Geology plays a very important role in landslide susceptibility not only because of different lithological classes but also owing to the mechanical and hydraulic characteristics associated with them (Merghadi et al. 2020). This study area is divided into 8 categories based on lithology, as shown in Figure 3(h). Faults are directly related to regional tectonic activity and its feature is the presence of weak and fractured rocks (Pham et al. 2020). Figure 3(i) shows that distance to fault is divided into 8 classes with an interval of 200 m.

The factors of distance to road and distance to river are obtained from the topographic map. Distance to river reflects the influence of the hydrologic environment on landslides. Distance to road shows the influence of human engineering activities on the landslide environment. These two factors are divided into 8 equidistant classes with an interval of 200 m and 100 m, respectively, as shown in Figure 3(j, k).

NDVI index can provide a quantitative evaluation of regional vegetation cover. It can be formulated as (1) $$\mathrm{NDVI}=\frac{\mathit{Band}5-\mathit{Band}4}{\mathit{Band}5+\mathit{Band}4}$$(1) where Band5 and Band4 are the near-infrared and red bands in Landsat 8 OLI. Here, the NDVI map shown in Figure 3(l) is generated by satellite imagery (Landsat 8 OLI) on April 14, 2015.
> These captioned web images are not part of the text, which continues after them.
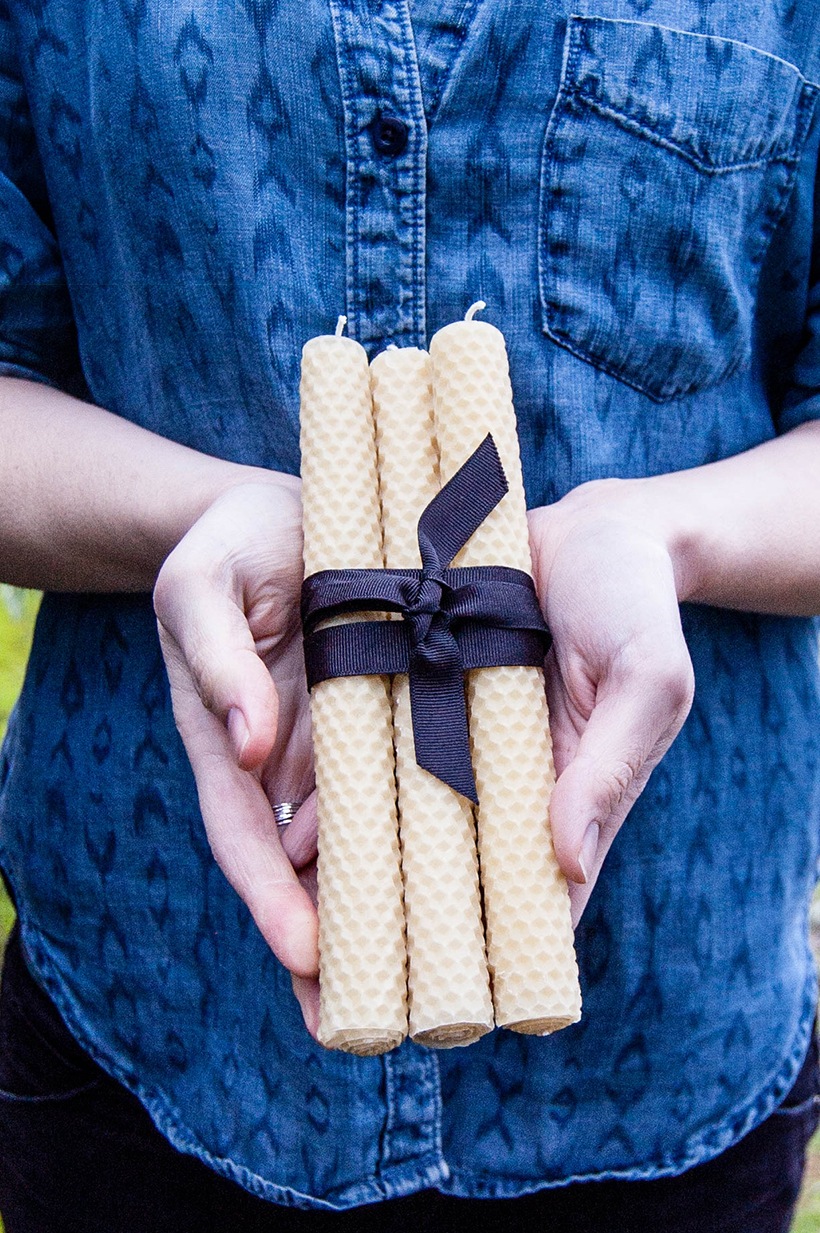These DIY beeswax taper candles would make a lovely holiday or hostess gift
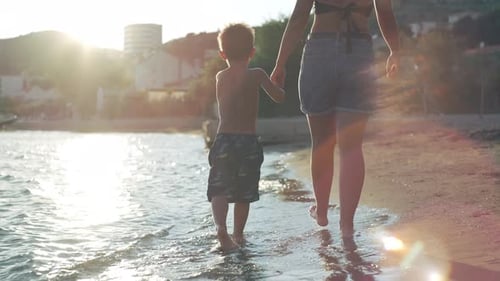 Mom Holds Her Son's Hand and They Walk Along the Seashore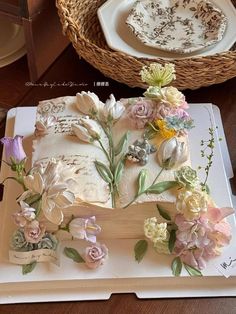 a cake decorated with flowers on top of a white tray next to a wicker basket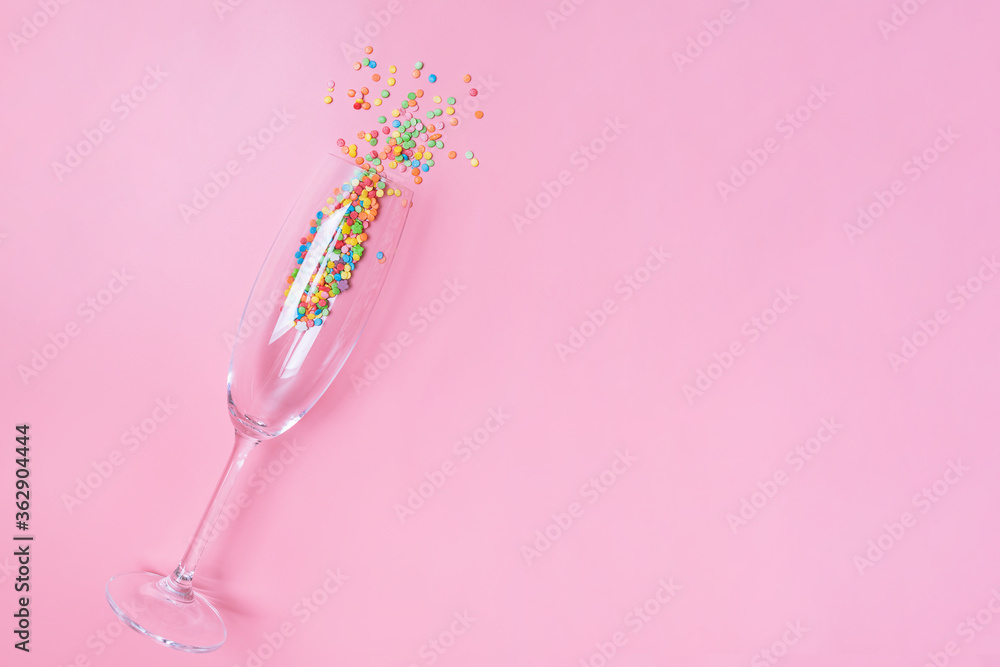 Cake confetti decorations in the champagne glass Cake confetti decorations in the champagne glass
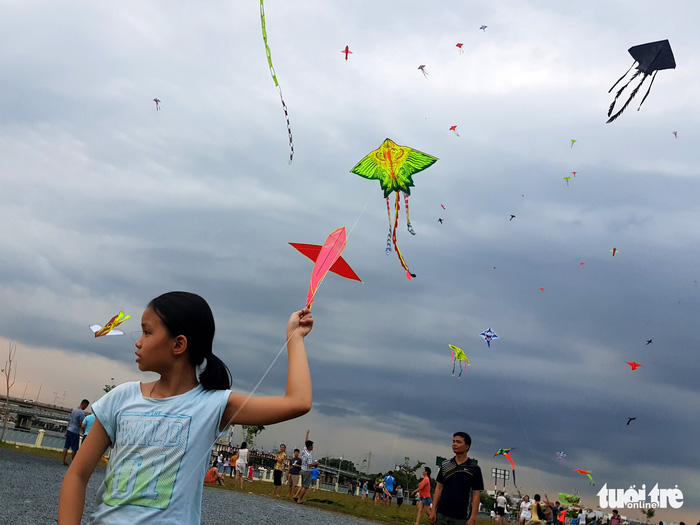 A baby girl smiles when her kite takes off. Photo: Tuoi Tre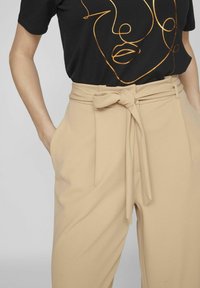 Beige hooggerande broek met een strikdetail bij de taille, gecombineerd met een zwarte t-shirt met een abstract ontwerp van een gouden gezichtsomtrek.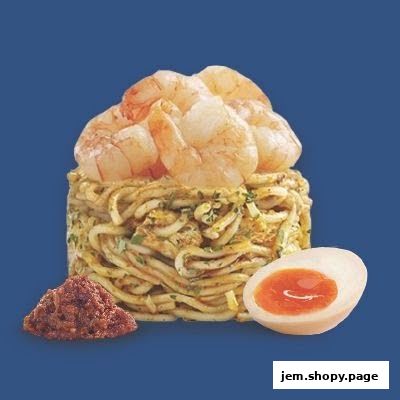 A serving of noodles topped with shrimp, with a side of chili paste and a halved soft-boiled egg.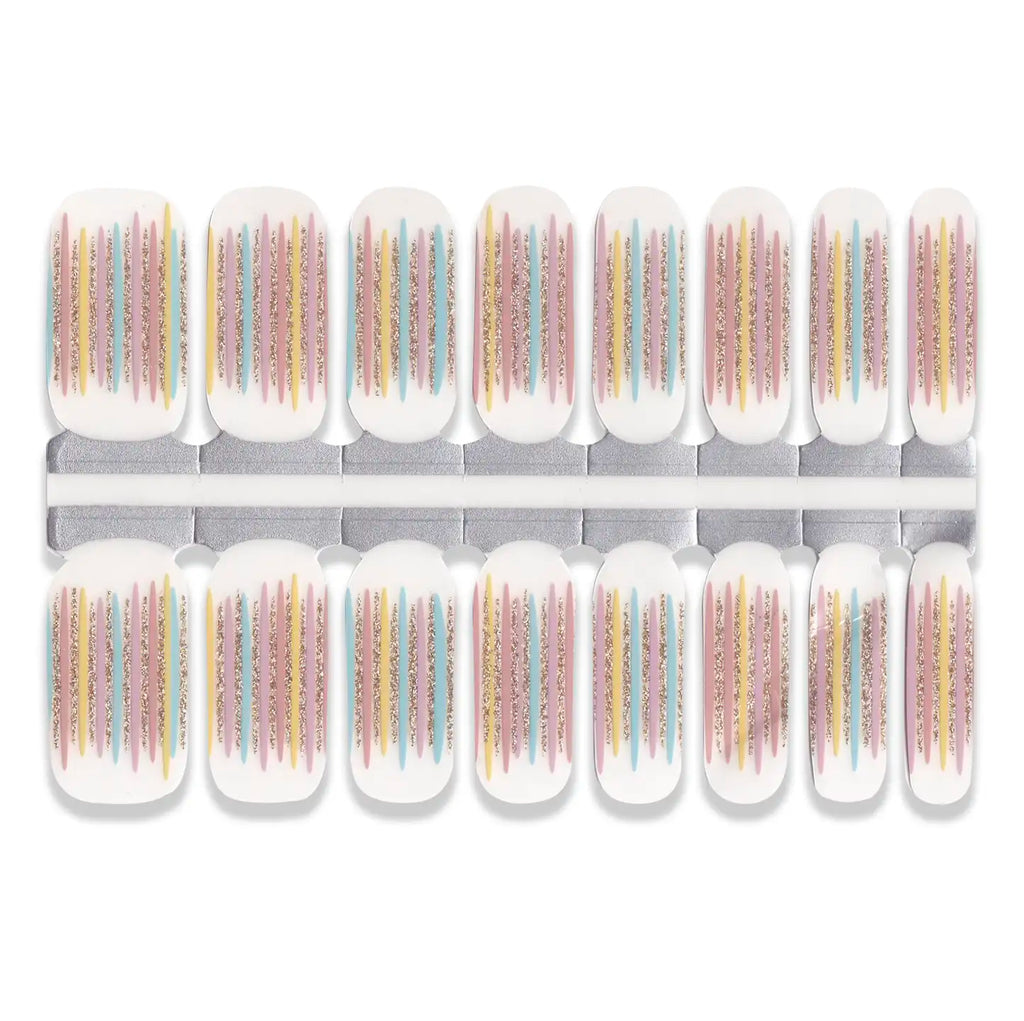White nail wrap stickers with vertical pastel stripes and gold shimmer detailing in multiple sizes.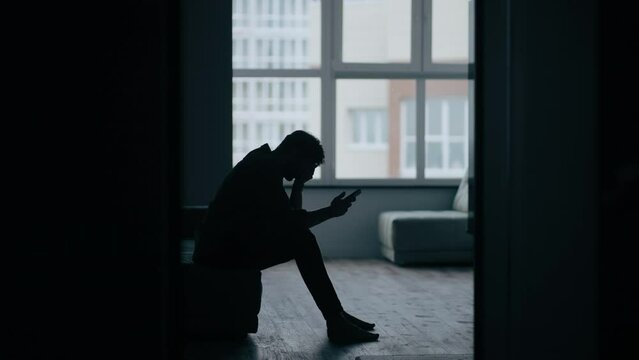 Stressed caucasian middle-aged man sitting on the sofa in bedroom while get bad news from mobile phone. Depressed and hopeless male being alone with negative emotion.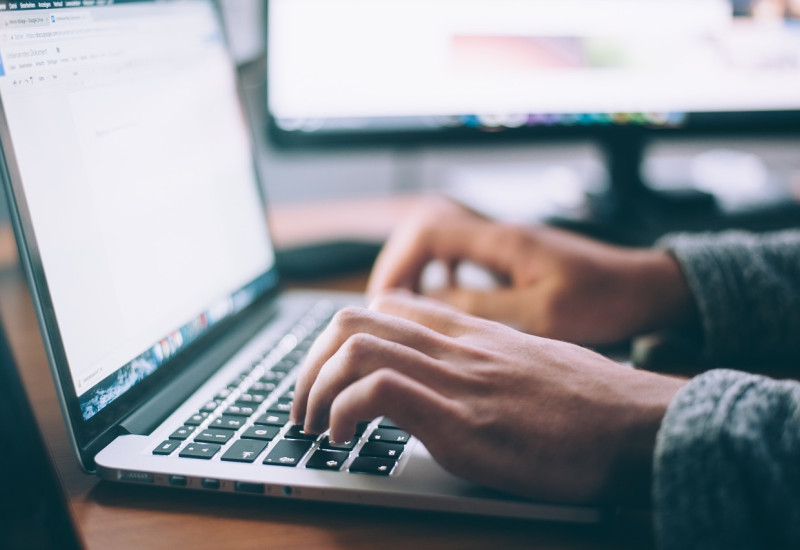hands on a laptop keyboard
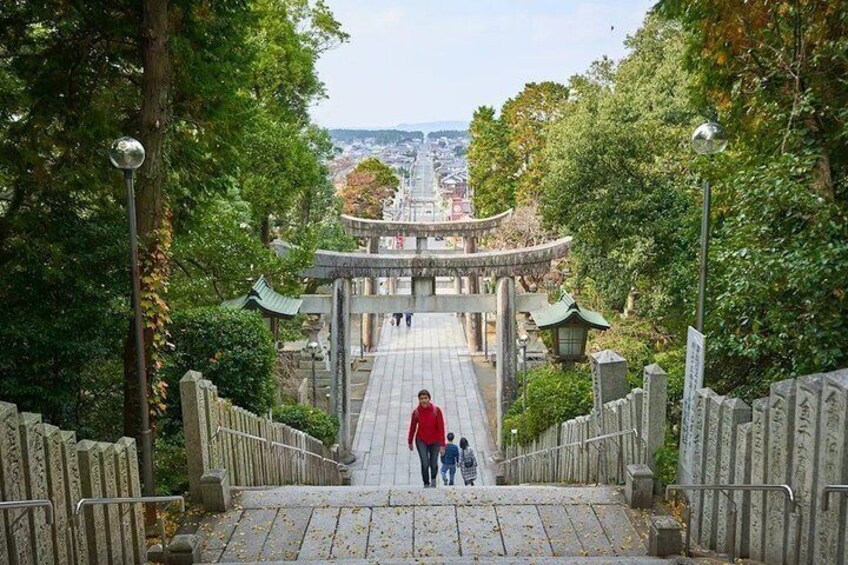 A stone staircase leading to a traditional Japanese gate with a view of a city in the distance. 1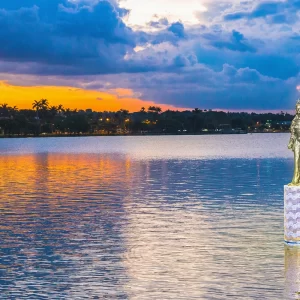 Fotografia de Ricardo Laf mostrando a estátua de Iemanjá na Lagoa da Pampulha, Belo Horizonte, durante o entardecer com luzes da cidade ao fundo.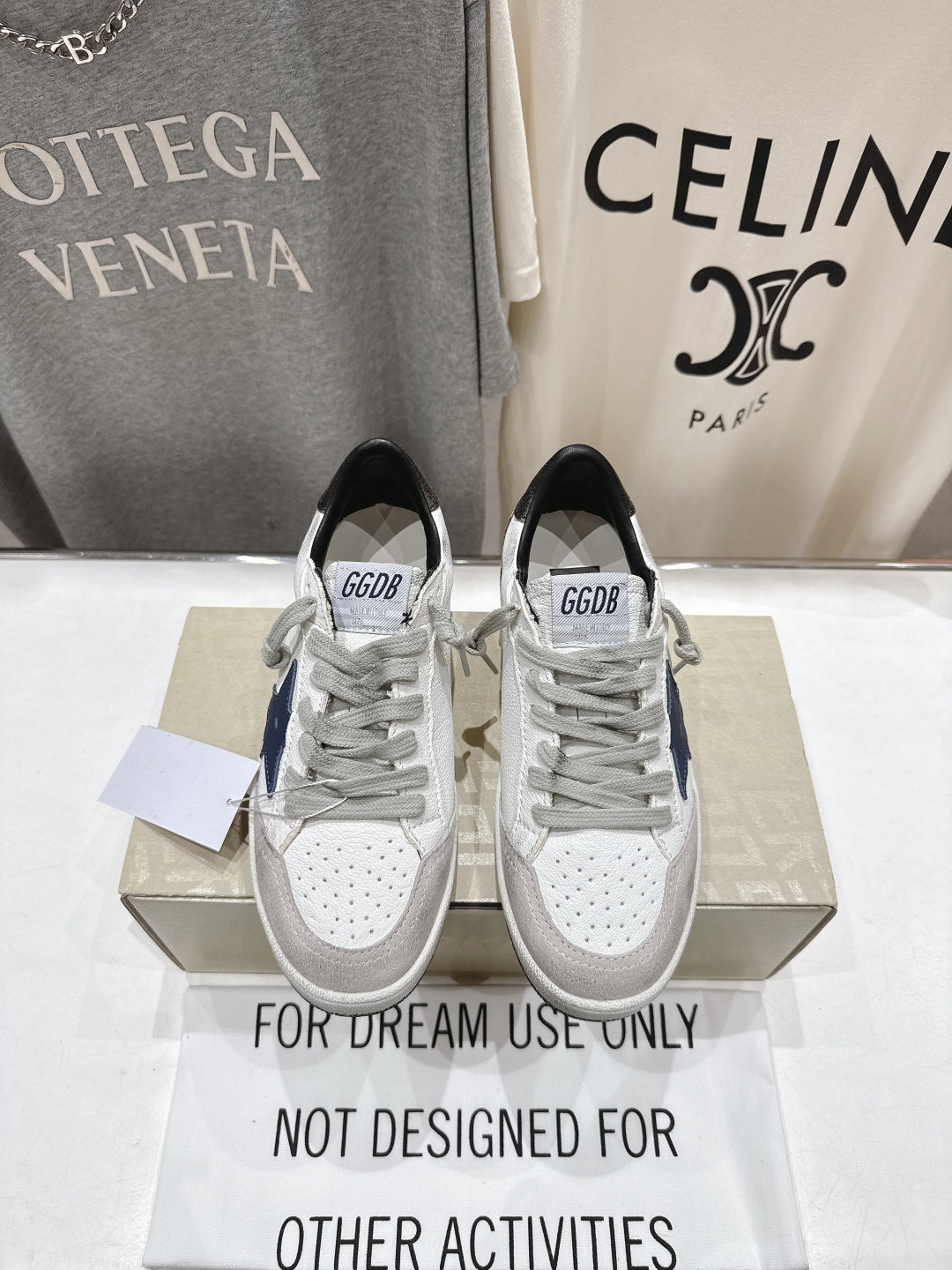 White luxury sneakers with gray laces, perforated toe, and GGD B label on tongue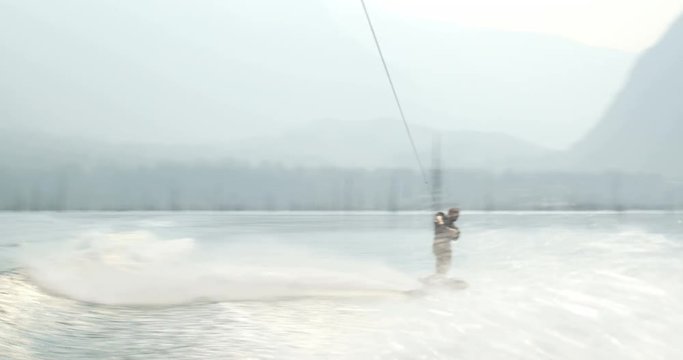 Front view of caucasian young man doing tricks on wakeboard in the city river 4k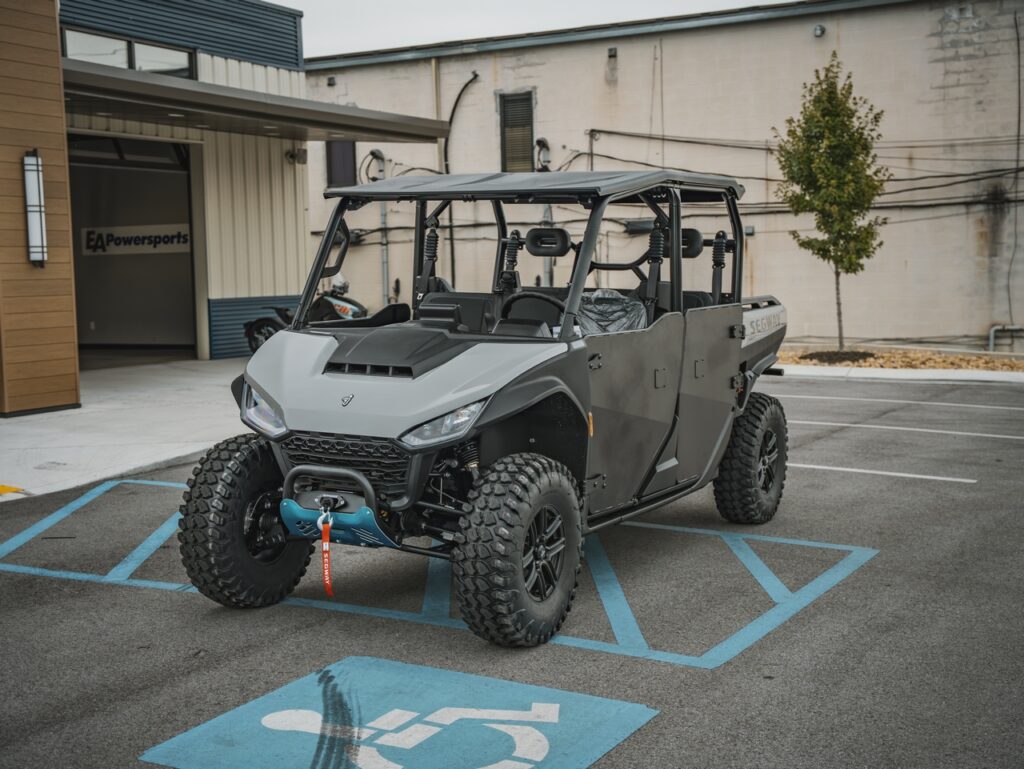 Gray off-road utility vehicle with a roll cage parked in a disabled parking space outside EA Powersports store.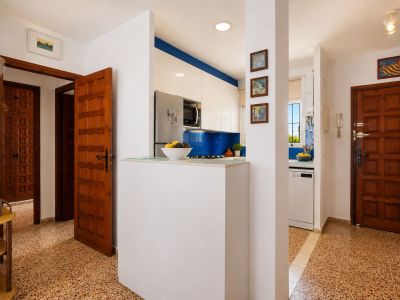 El recibidor presenta un suelo de baldosas con patrón distintivo y puertas de madera clásicas. Una cocina moderna con salpicadero azul y muebles blancos es visible, separada por una práctica barra.
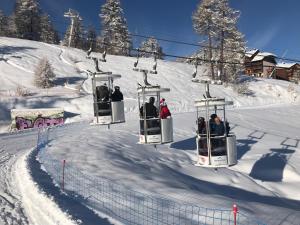 a group of people riding on a ski lift in the snow at Appartements duplex dans chalet - Pléiades -, skis aux pieds avec clefs à disposition via agence -nous louons l'un et-ou l'autre des deux appartements de notre chalet quasiment identiques in Risoul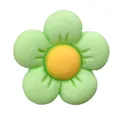 Close-up of a resin flower charm in green and yellow for garden clog decoration - Green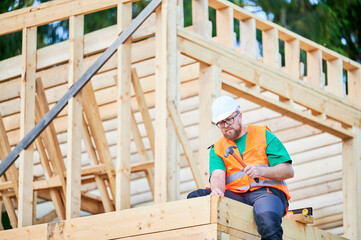 Fototapeta premium Carpenter constructing two-story wooden frame house near the forest. Bearded man wearing glasses hammering nails into structure. Concept of modern ecological construction.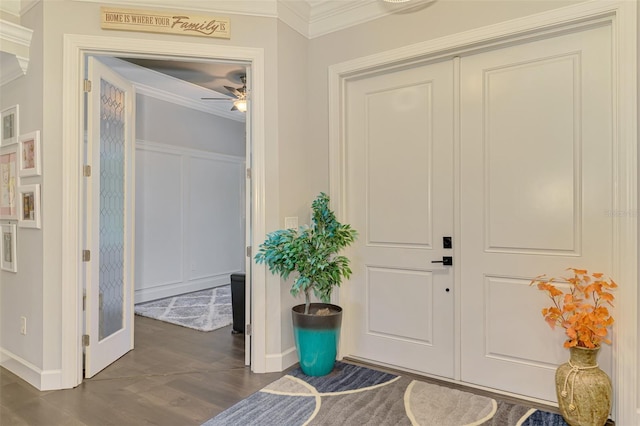 6444 Alhambra Ave, North Port, FL 34291 - foyer entrance with dark wood finished floors, crown molding, a ceiling fan, and a decorative wall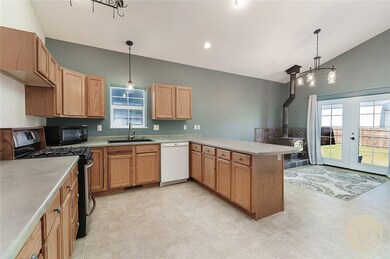 Kitchen, dining area and door to back patio.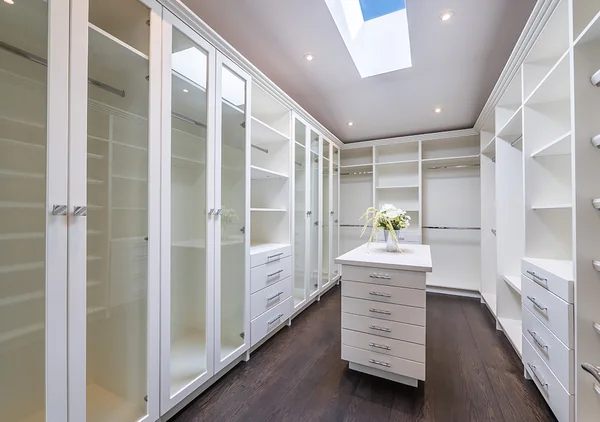 Bevdale Road: Walk-in wardrobe with white shelving and overhead skylight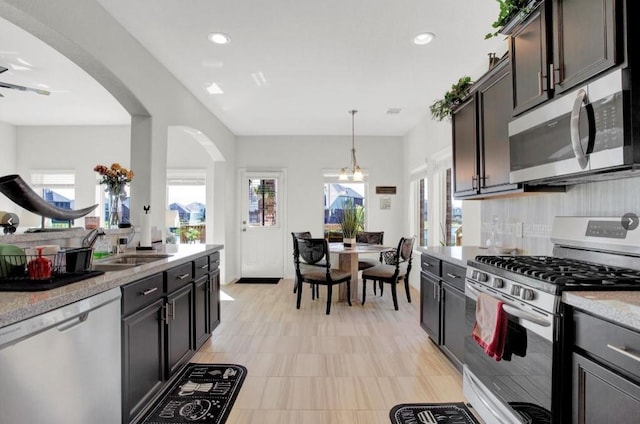 kitchen with pendant lighting, sink, dark brown cabinetry, stainless steel appliances, and ceiling fan with notable chandelier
Land use has been a predisposing factor for LSM in many studies (Juliev et al. 2019). Different land use types can affect the size, frequency, and types of landslides. It is also possible to change the initiation and acceleration thresholds of certain landslides (Pereira et al. 2020). The land use map is shown in Figure 3(m) indicates that there are mainly six land use types in the study area, including water, grassland, plowland, wetland, forest, and artificial surface.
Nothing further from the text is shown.